Dan, terakhir kelima adalah ekstensifikasi dan peningkatan pengawasan sebagai tindak lanjut dari tax amnesty. Amnesti yang dilaksanakan di tahun 2016 sampai 2017, tetap perlu dilakukan pengawasannya. Pemanfaatan data amnesti bukan untuk menakuti wajib pajak namun untuk membantu wajib pajak melaporkan pajak secara benar. Setelah dilakukan pengampunan maka ke depan diharapkan wajib pajak menjadi tertib.
Penyejuk Hati
Kelima faktor di atas diharapkan mampu menaikkan tax ratio sampai dengan 12,2%. Kenaikan tax ratio ini akan meningkatkan jumlah wajib pajak yang membayar. Bila kita cermati dalam 10 tahun terakhir rata-rata kenaikan penerimaan pajak adalah 11%, dengan demikian target pertumbuhan 15,4% dapat dikatakan ambisius.
Ambisius saat ini diperlukan sebagai penyemangat kita untuk meraih target, namun tetap harus realistis. Hasil pembangunan infrastruktur diharapkan dapat dipetik di tahun 2019 sehingga industri dapat merasakan manfaat dari pembangunan itu dengan adanya penghematan biaya. Kementerian Keuangan juga memberikan tax allowance, tax holiday, dan insentif perpajakan lainnya untuk mendukung investasi industri di Indonesia. Semua ini diharapkan dapat mendukung pencapaian penerimaan pajak di tahun 2019. Untuk itu perlu kita jaga instrument perpajakan yang ramah akan investasi tanpa menghilangkan peluang untuk penggalian potensi pajak.

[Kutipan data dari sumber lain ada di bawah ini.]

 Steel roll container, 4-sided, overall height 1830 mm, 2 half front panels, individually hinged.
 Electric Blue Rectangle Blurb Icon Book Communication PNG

Sementara moment pileg dan pilpres di tahun 2019 juga merupakan tantangan tersendiri, karena di balik pesta demokrasi pasti ada peluang penerimaan pajak, meski hal tersebut belum bisa dihitung namun bisa diharapkan.
Meruntuhkan ego setiap direktorat serta kementerian untuk bekerja sama bukan merupakan hal yang mudah, namun dengan sikap yang rendah hati pasti hal tersebut akan terjalin. Sepenggal syair ini bisa menjadi penyejuk “Ini adalah bumi yang terindah dari baiknya Tuhan padaku, waktu tak mengusaikan indahnya Indonesia meski akhir-akhir ini ujian berupa bencana datang, kita tinggal di alam terhebat tolong kita camkan itu”.

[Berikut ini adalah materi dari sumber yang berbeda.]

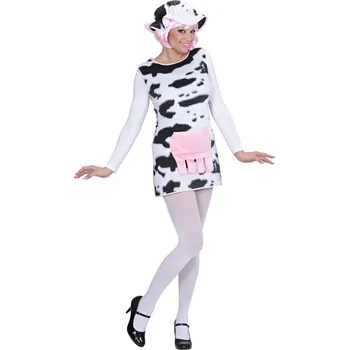 Karnevalový kostým Dámský kostým Kráva (šaty, klobouk) - S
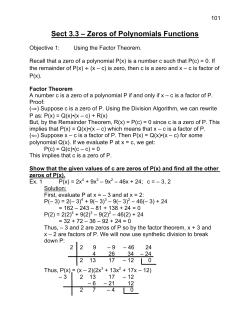 Sect 3.3 – Zeros of Polynomials Functions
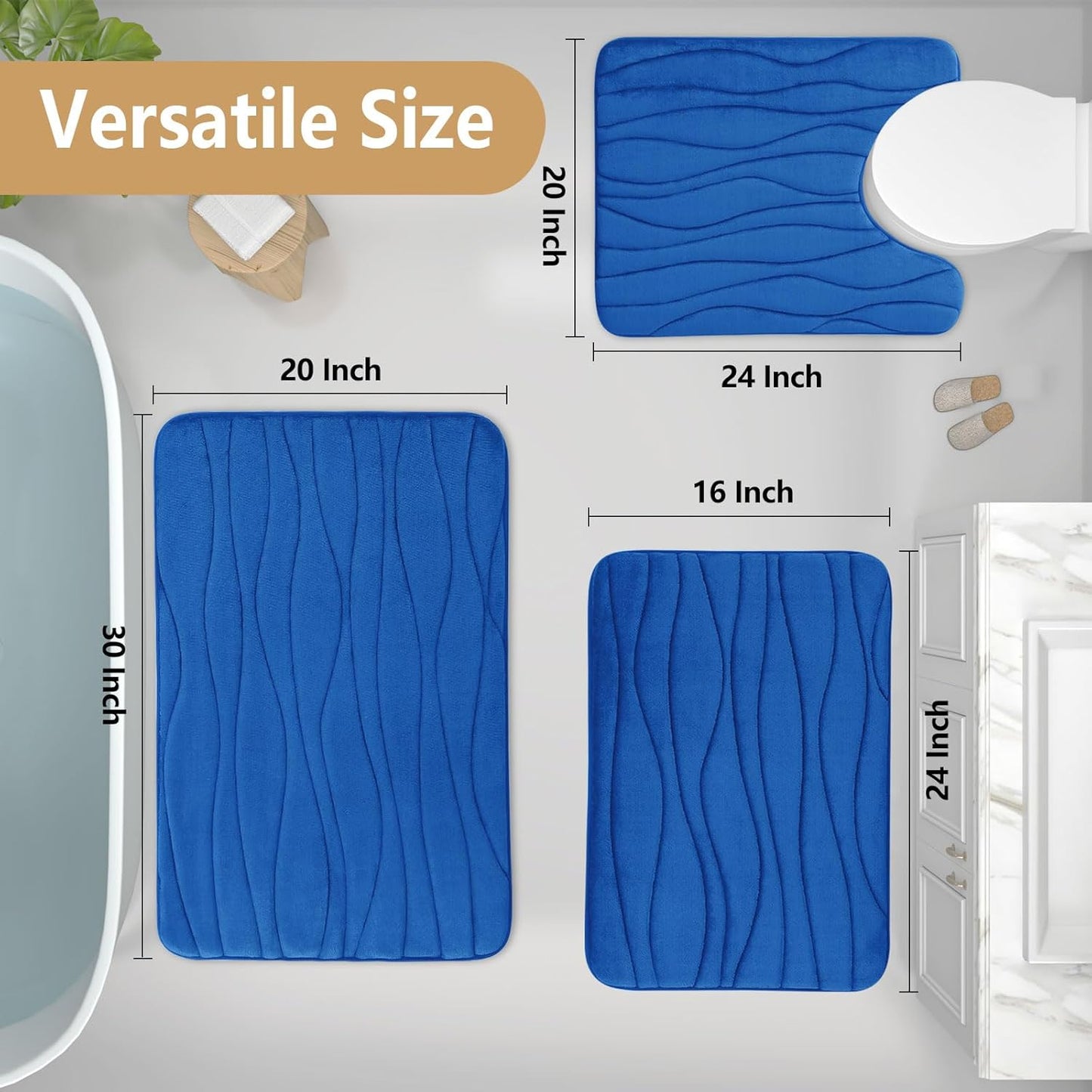 Buganda Memory Foam Bathroom Rug Mat, 30x20, Extra Soft and Absorbent Non-Slip Bath Mats for Bathroom Floor, Tub and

Setiap kita mempunyai penyejuk hati, bagiku istri adalah bagai butiran hujan yang turun menyejukkan hati. Seperti halnya alam Indonesia yang indah merupakan penyejuk di tengah ambisi pencapain target di tahun 2019. Hendaknya apa yang kita lakukan di tahun 2019, kita persembahkan untuk ibu pertiwi yang telah memberikan kita keindahan alam yang tiada dua, karena merupakan bentuk terindah dari baiknya Tuhan pada kita semua, semoga ini menjadi renungan. (*)
*) Tulisan ini merupakan pendapat pribadi penulis dan bukan cerminan sikap instansi di mana penulis bekerja.